Typical event handler scenario
In this scenario, Suzy is developing a script. Every now and then, a message pops up asking her to sign up for weekly tips. The message appears at unexpected intervals while performing the business process steps.
Suzy decides to create an Event Handler that closes this message whenever it appears. Here are the steps she follows to create the event handler:
Suzy opens the Event Handler Editor from the main toolbar and clicks the button to add a new Event Handler.
Because the message can pop up at any time, in the General section, Suzy selects Event can be triggered during the entire script.
The handler is an “Object” type because the message appears within a regular DOM object and not within a browser dialog box.
Suzy then clicks Click to choose an object and highlights the “SIGN ME UP!” button.
After she chooses the object, TruClient creates identification for it:
Suzy sets the Event Type to “Object Exists” so the event handler will be called each time the message pops up.
Now that the event is defined, Suzy creates a function that ignores the prompt and closes the message. To create the function:
She closes the Event Handler Editor and, if the message is not displayed, she browses the application until it pops up.
She starts recording and closes the message:
She then stops the recording. TruClient recorded a navigation step and the close step. Suzy is only interested in the close step.
To create the function from the close step, she selects the step, right clicks to open the context menu, and selects Group Into > New Function.
When the Create new function dialog box appears, she enters a function name and a library name and clears the Replace steps with function call option so the script itself does not call this function.
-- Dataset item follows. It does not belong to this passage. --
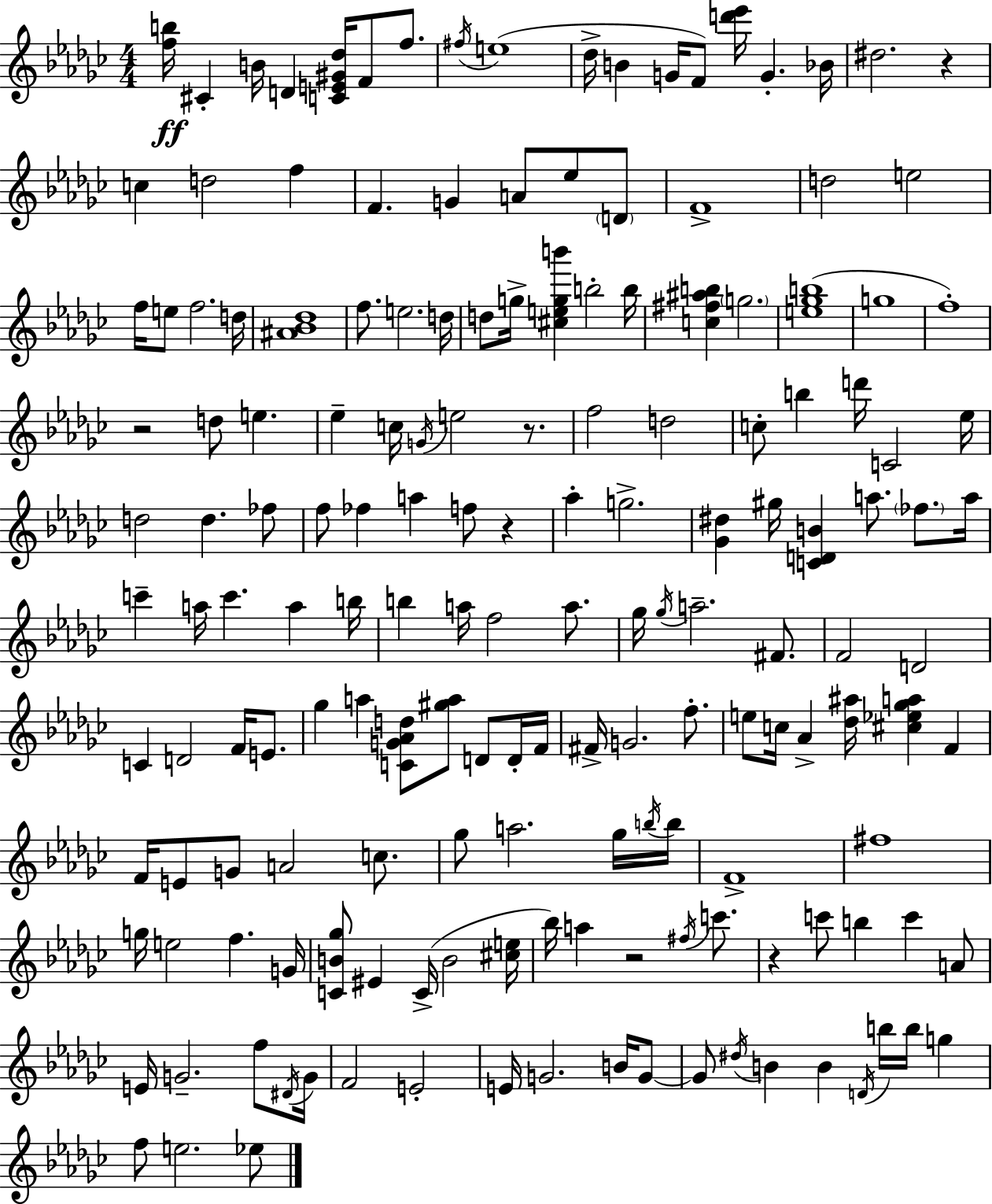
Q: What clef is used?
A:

She wants only her event handler to call the function.
Now Suzy has a new function that contains a single step that closes the message.
The new function is listed in Function Libraries.
Now that Suzy has the function she needs, she opens the Event Handler Editor again and chooses CloseSignUp as the handler function.
Now she can record the business process as usual.
When she encounters the popup message during recording, she stops the recording and deletes the steps associated with it, since the event handler will close the message whenever it pops up in replay.